• **GIVEN RECORDS**:
#####

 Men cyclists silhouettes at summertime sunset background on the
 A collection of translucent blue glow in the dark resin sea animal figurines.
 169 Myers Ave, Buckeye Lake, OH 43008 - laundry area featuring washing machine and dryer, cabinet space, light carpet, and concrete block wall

#####

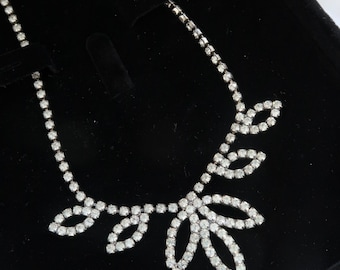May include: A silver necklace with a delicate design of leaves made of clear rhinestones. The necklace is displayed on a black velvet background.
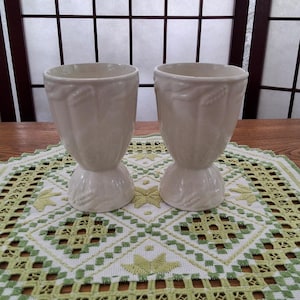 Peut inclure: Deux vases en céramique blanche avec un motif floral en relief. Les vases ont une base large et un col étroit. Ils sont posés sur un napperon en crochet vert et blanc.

#####

• **INSTRUCTIONS TO FOLLOW**: Copy verbatim, from the listing above, each line from the one containing "Men cyclists silhouettes" down to the one containing "169 Myers Ave, Buckeye", inclusive.

• **ANSWER FOR THE TASK**:
 Men cyclists silhouettes at summertime sunset background on the
 A collection of translucent blue glow in the dark resin sea animal figurines.
 169 Myers Ave, Buckeye Lake, OH 43008 - laundry area featuring washing machine and dryer, cabinet space, light carpet, and concrete block wall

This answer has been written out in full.